However, it pointed out that the expansion and progression of existing mature areas into higher-yielding brackets in Indonesia may help mitigate some of this decline.
“Additionally, the ongoing replanting activities in Malaysia could have a moderating effect on the group’s overall production growth.
Notably, Maybank IB Research said production in Indonesia remained strong for Genting Plantations during 3Q24, thanks to the favourable age profile and expanded harvesting areas.
On the other hand, it observed that production in Malaysia remained subdued due to large-scale replanting activities, covering approximately 3,500ha and a wet weather spell that made the FFB evacuation process more challenging.
“Concurrently, the downstream outlook remains challenging, given the intense competition from Indonesian counterparts following recent changes in Indonesian export levies and the overcapacity of refineries in Indonesia,” it said.
Despite the reservations, MIDF Research is holding on to its “buy” call on the counter with an unchanged target price of RM6.10, derived from a price-earnings ratio of 16.9 times.

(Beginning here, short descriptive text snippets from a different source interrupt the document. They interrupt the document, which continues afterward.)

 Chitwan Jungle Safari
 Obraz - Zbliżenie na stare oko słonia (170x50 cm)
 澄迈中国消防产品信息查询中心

Similarly, CGS International (CGSI) Research is also expecting downstream manufacturing for Genting Plantations to remain rigorous in 4Q24, especially since the group’s refinery operations may still incur losses, although it added that this would be partially offset by profitable performance from its biodiesel operations.

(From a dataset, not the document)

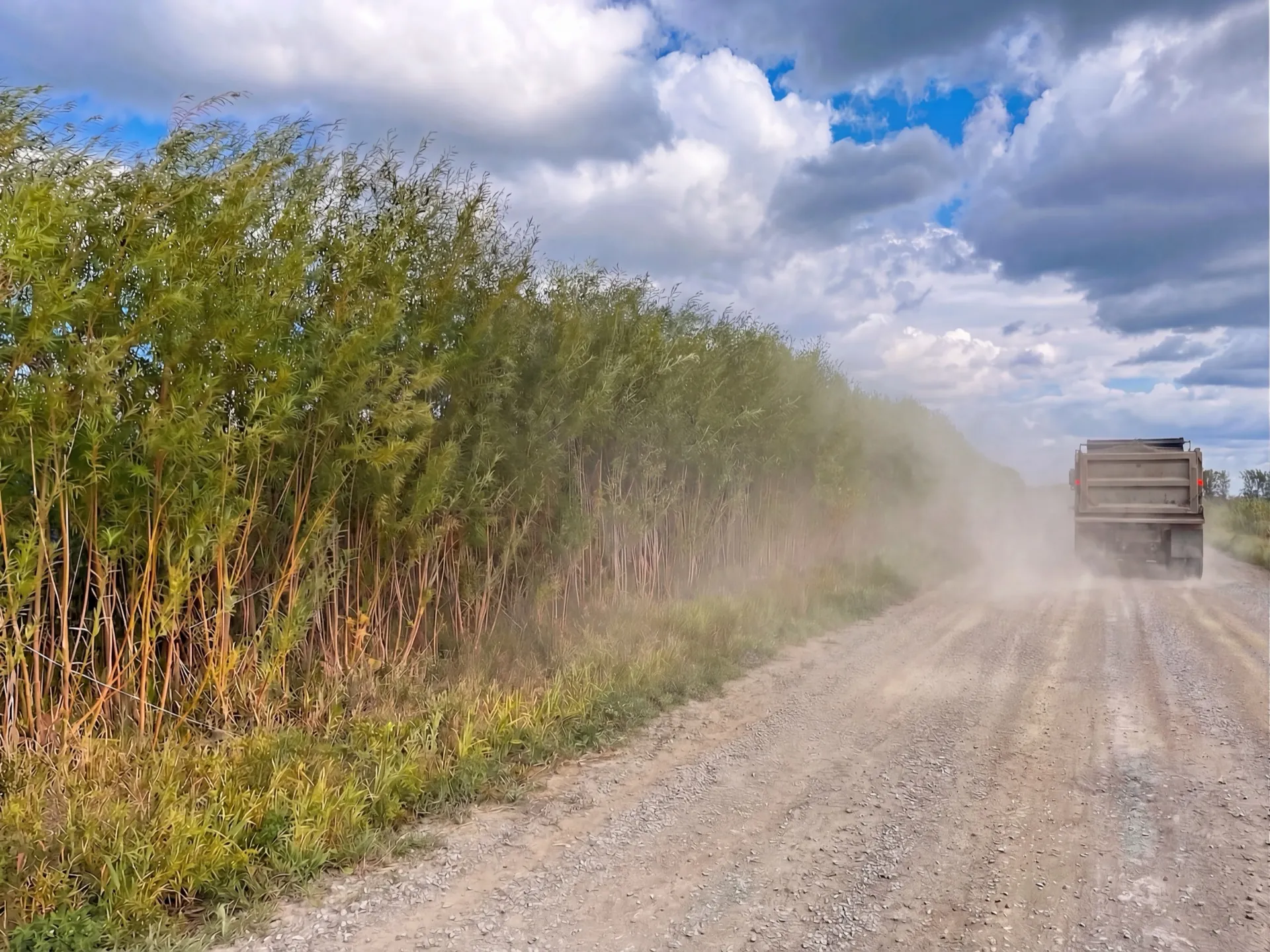 Vegetated barrier in action, with a willow screen filtering dust raised by a truck on a gravel road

“We believe 4Q24 net profit for the group will improve quarter-on-quarter, on the back of higher upstream earnings with improved average selling prices for CPO ASP, higher sales volume and lower cost of production,” said the securities outfit.On top of that, it tipped property segment earnings for Genting Plantations to improve with higher contributions from the latter’s Genting Premium Outlet and Johor Premium Outlet, although these could be partially offset by the challenging downstream operations.
CGSI Research has a “hold” call on the stock, with a target price of RM5.90, highlighting downside risks that include strong pricing competition among Indonesian players, changes in Indonesia’s palm oil policy, and slower-than-expected property development in Malaysia.